Chinese Brazilians (Portuguese: Sino-brasileiro or Chinês-brasileiro; Chinese: 巴西华人 or 巴西华裔) are people of Chinese ancestry who were born in or have immigrated to Brazil. The Chinese Brazilian population was estimated to be approximately 250,000.
It is known that there were Chinese in Brazil as far as the late 18th century. Rugendas painted a deciption o Chinese Tea planters in Rio de Janeiro during the period of the Portuguese Royal family in Brazil. In 1814 John VI of Portugal brought 300 Chinese from Macau to work in the Botanical Garden of Rio de Janeiro.

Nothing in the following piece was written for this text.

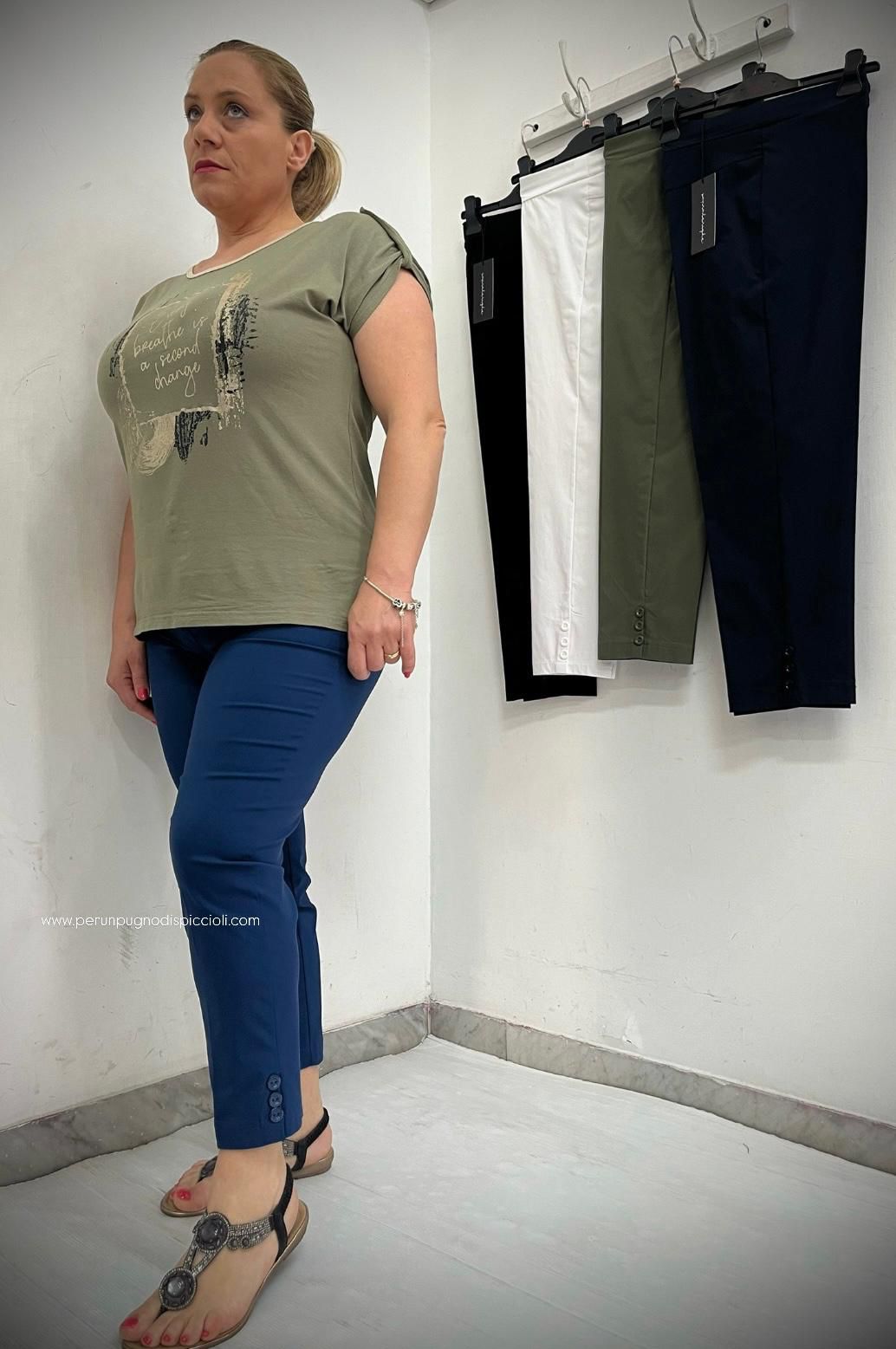Pantalone Ciliegina / Moda più con bottoni alla caviglia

São Paulo has the largest Chinese Brazilian population, in particular on the district of Liberdade. Besides being an area famous for its strong Japanese presence, a significant number of Taiwanese immigrants have settled in Liberdade, and many Chinese immigrants have come to Liberdade following the Communist revolution in 1949. Many Cantonese from Hong Kong and Portuguese-speaking Macau, including some Macanese of mixed Chinese and Portuguese descent, have also settled in Brazil. These Macau immigrants can usually speak and understand Portuguese (its Creole, Macanese or Patuá, is also spoken), allowing them to adjust more easily to life in Brazil. Today, Chinese Brazilians are usually bilingual with Portuguese and Chinese.